But, we know, that's not how the game works. I think rather, it's all in the functions deep in the configuration that treats the inputs from a flight stick fundamentally different than a keyboard or mouse input. I don't have a thumb stick controller, so I can't test that.
What I think we are experiencing is a "smoothing factor" to the input for flight sticks ONLY. This seems to work in both directions. When you go from center stick to full turn, it takes a brief moment to be at "full turn." Try it, if you map a key for yaw left, you will notice your initial turn a starts a little bit faster using that key than your flight stick doing the same thing.

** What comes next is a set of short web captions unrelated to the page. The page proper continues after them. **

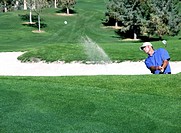 Golfer hitting ball out of sand trap, ball in air heading toward green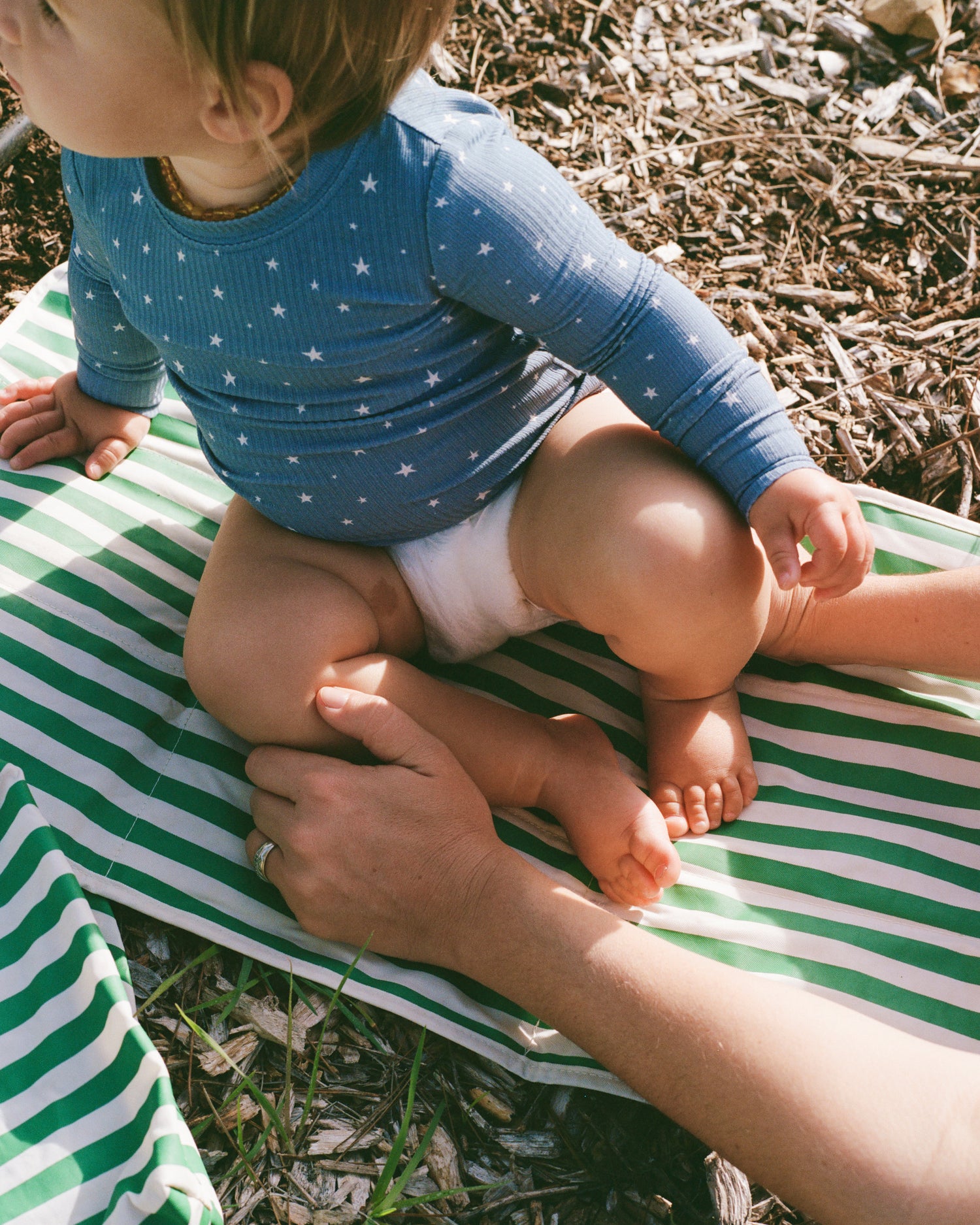 Baby wearing blue star pattern ribbed two piece pajama top sitting on a green and white striped blanket outdoors.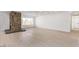 Open living room with a unique stone fireplace and lots of open space at 2368 Winterwood Blvd, Las Vegas, NV 89142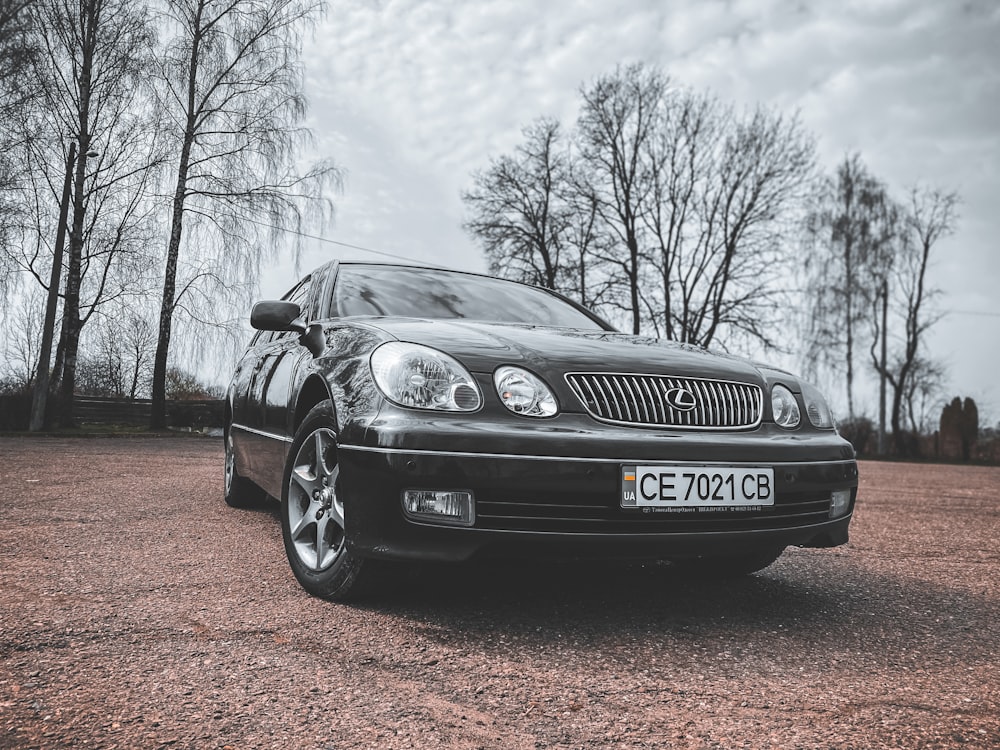 black bmw car on brown field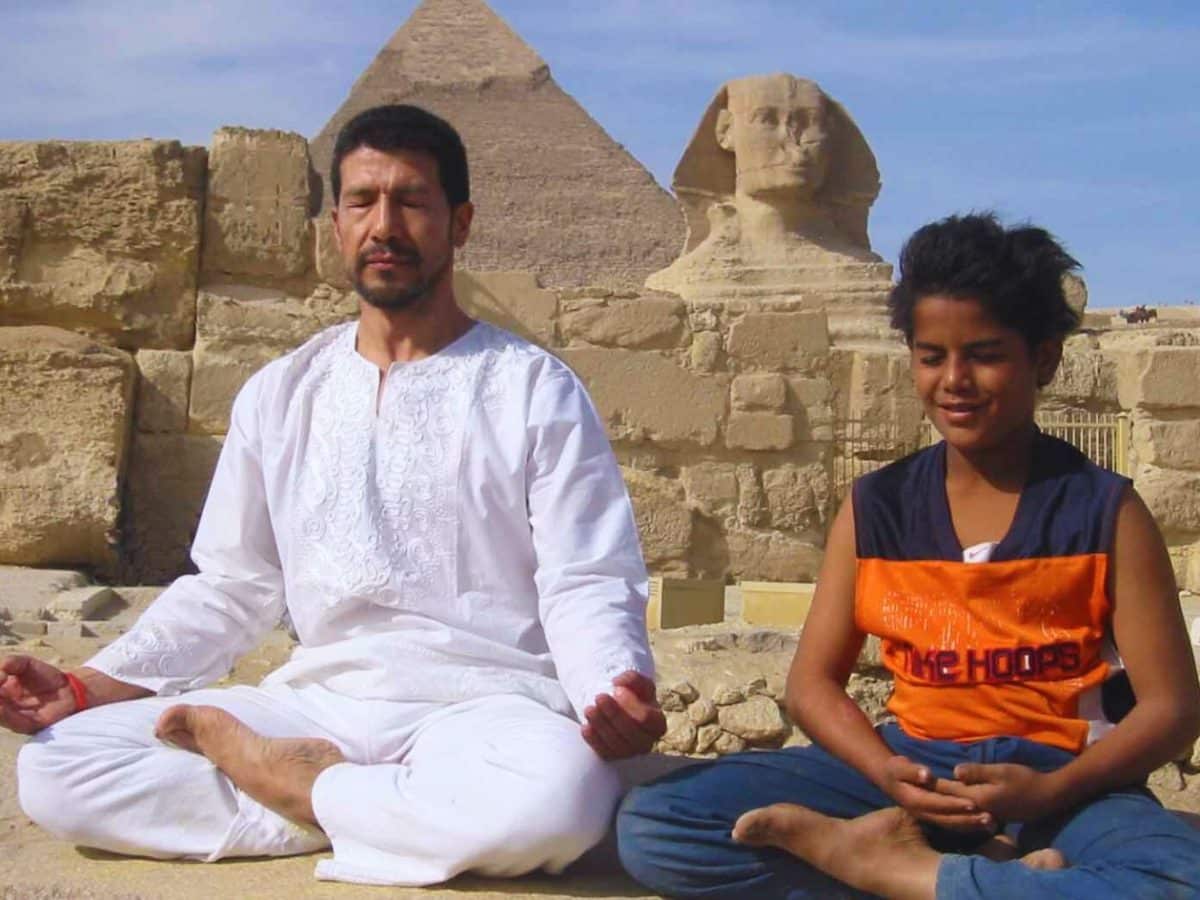 a wonderful shot of a father and his son relaxing in front of the giza pyramids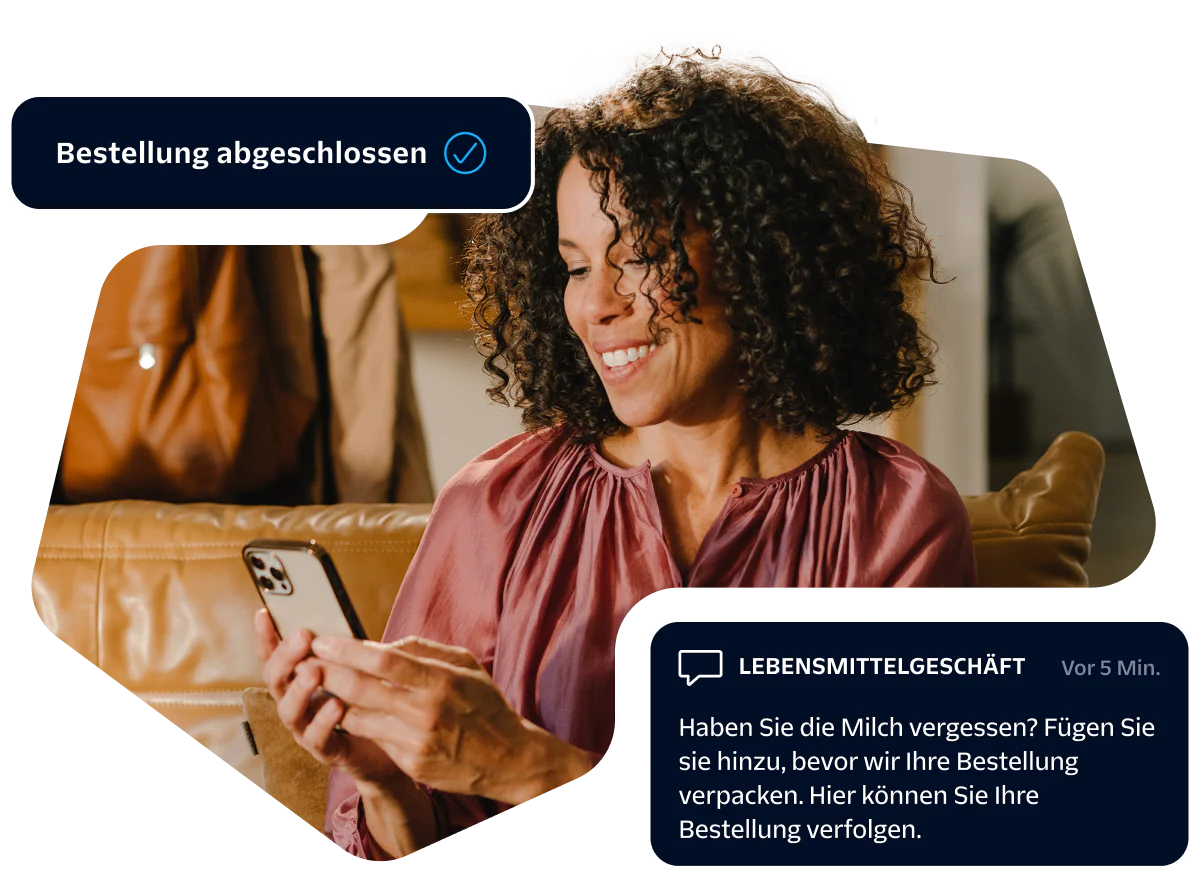 Woman smiling at her smartphone while receiving an online grocery order confirmation message.
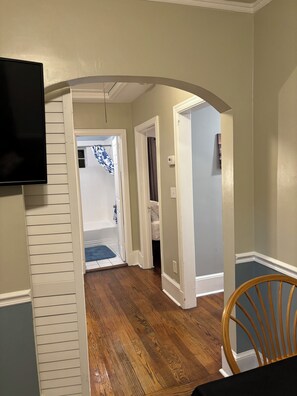 A hallway with a wooden floor, a television mounted on the wall, and a chair. - Charming 2BR Bungalow/Walkable Chantilly & Plaza Midwood Front Half of Home (Charlotte)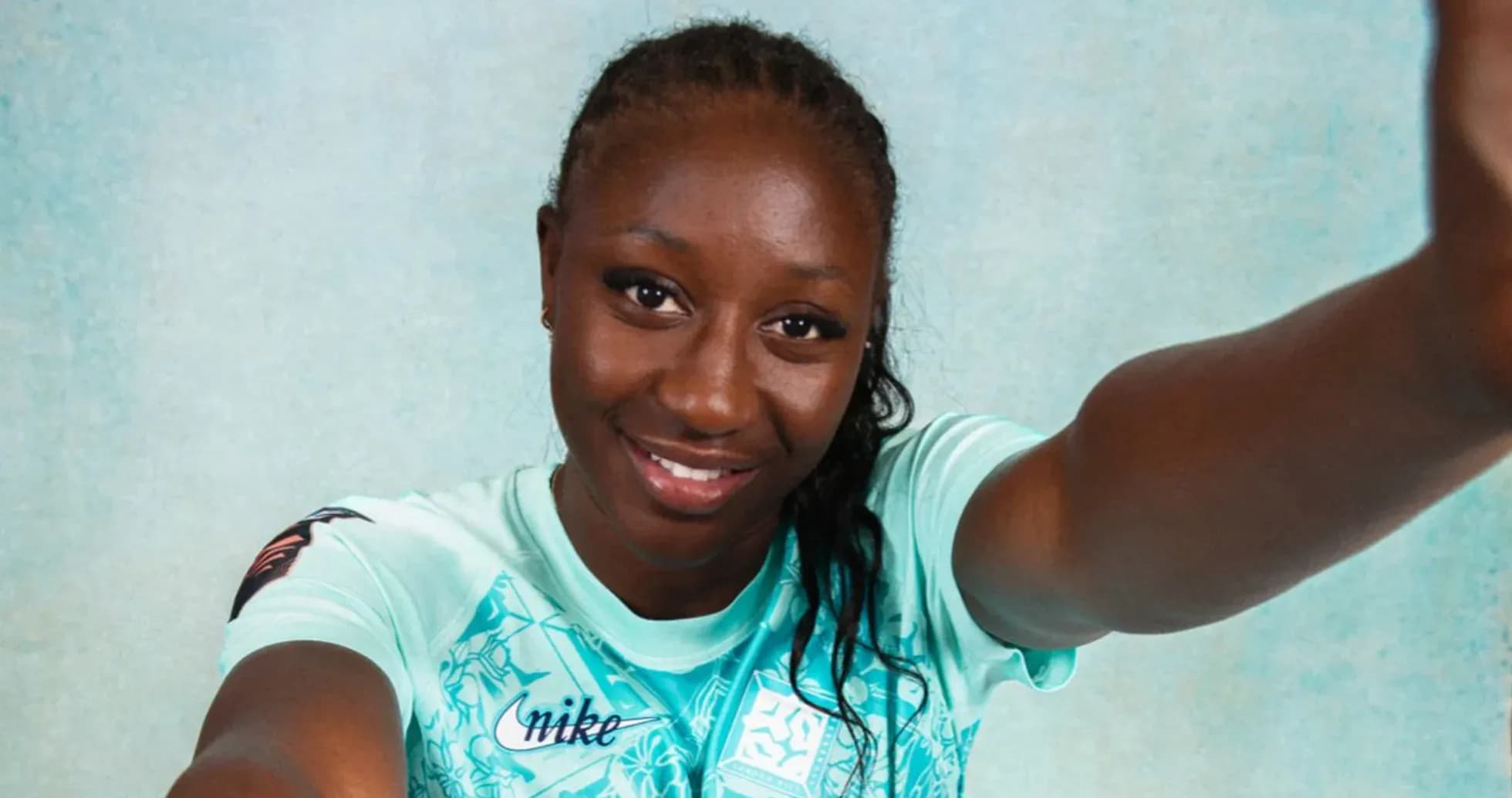 Athlete posing for a photo in sportswear Athlete posing for a photo in sportswear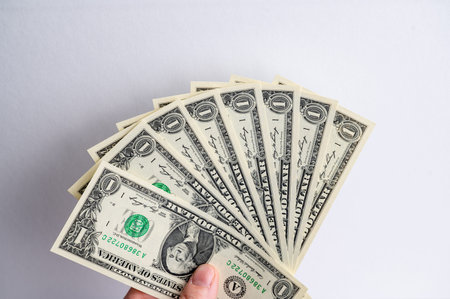 one dollar bills are fanned out in a hand.
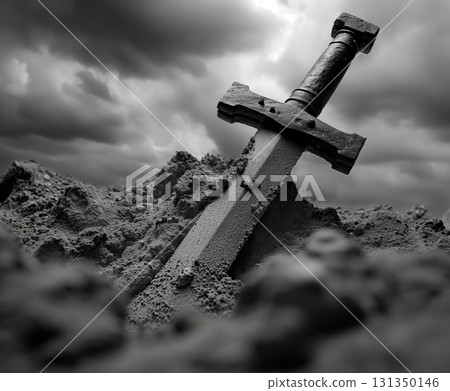 A sword is laying on the ground in a field 131350146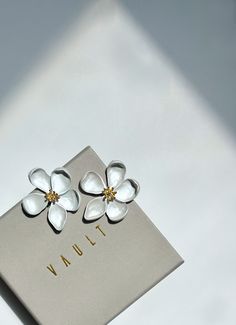 These floral earrings are effortlessly chic in design, and versatile in style and wearability.  They are light in weight and pack the ultimate statement!  The silky white coating of this earrings is high quality and makes for a very smooth and consistent sheen. Elegant White Flower Pendant Earrings, Chic Silver Flower Jewelry, Chic White Flower-shaped Earrings, Chic Flower Earrings As A Gift, Chic Silver Flower Earrings For Pierced Ears, Chic Flower Earrings With Flower Charm, Chic Flower Charm Earrings For Gift, Chic Flower Charm Earrings As Gift, Chic Silver Flower Earrings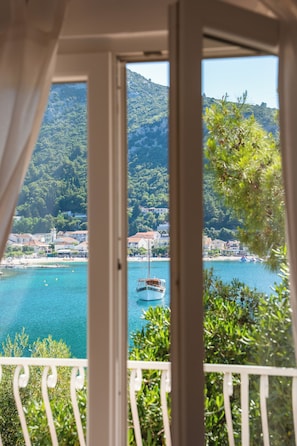 Un balcon offrant une vue sur une ville cĂŽtiĂšre, un bateau sur lâeau et, en arriĂšre-plan, des montagnes.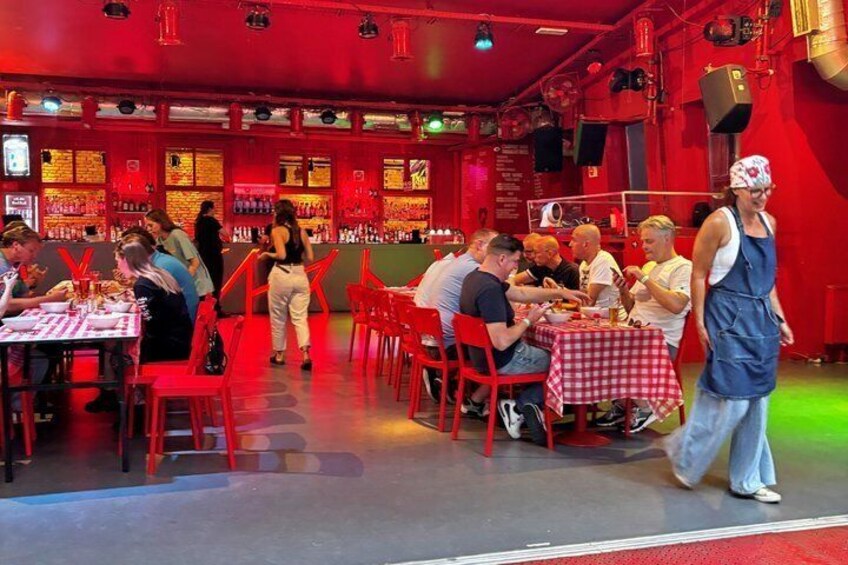 Een restaurant met rode stoelen en tafels, mensen aan het dineren, en een vrouw die loopt. 2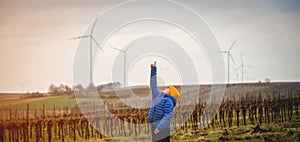 School boy stand on the wind farm. Wind turbines are alternative electricity sources. Future of kid and sustainable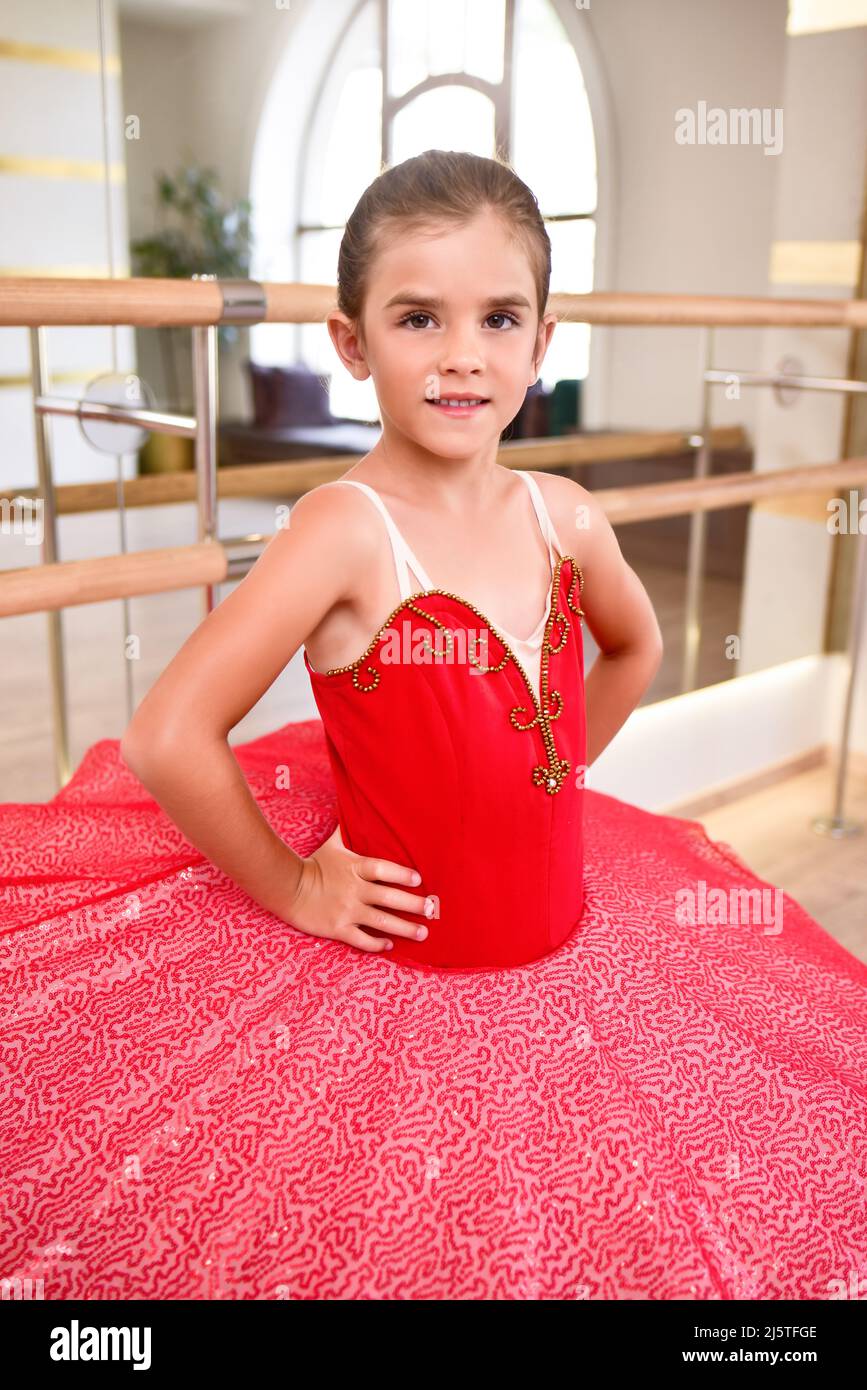 Carino ritratto di una bella ballerina in un abito rosso performance con tutu rosa. Sorride perché è felice di diventare una palla professionale Foto Stock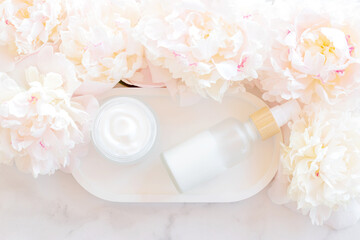 Fototapeta na wymiar Face and eye moisturizer cream and serum in a glass bottle and jar and peony flowers on light marble background. Concept eco organic natural cosmetic products for skincare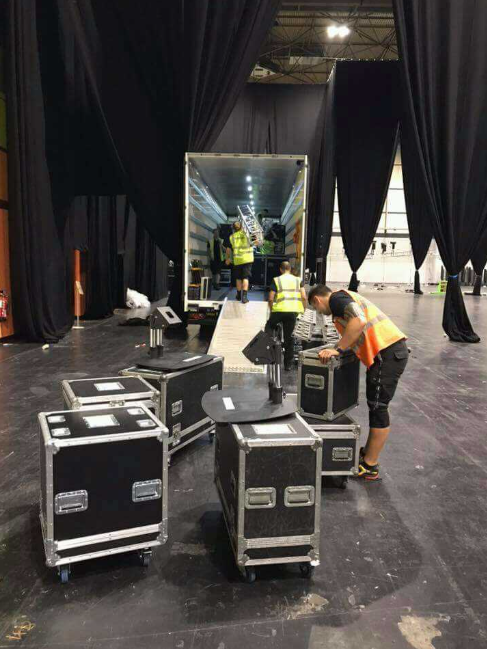 Stagehands loading gear into a truck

And, as explained above, when you go from full turn to center stick, the smoothing factor actually keeps the input going for another brief moment.
EA, please let us turn this crap OFF. I'd be willing to bet it's a simple number buried in a config file somewhere.
As noted, reducing the sensitivity down does help some, to the point where I'm at 0% sensitivity now. But it's still there.
I posted about this on reddit a while back: https://www.reddit.com/r/StarWarsSquadrons/comments/jb7xg5/rotational_inertia_mouse_vs_joystick/
TL;DR: For mouse input, the game automatically applies counter-steering input on an axis when deflection is reduced without changing the direction of deflection. You can see this by watching the ship's 3D flight stick model.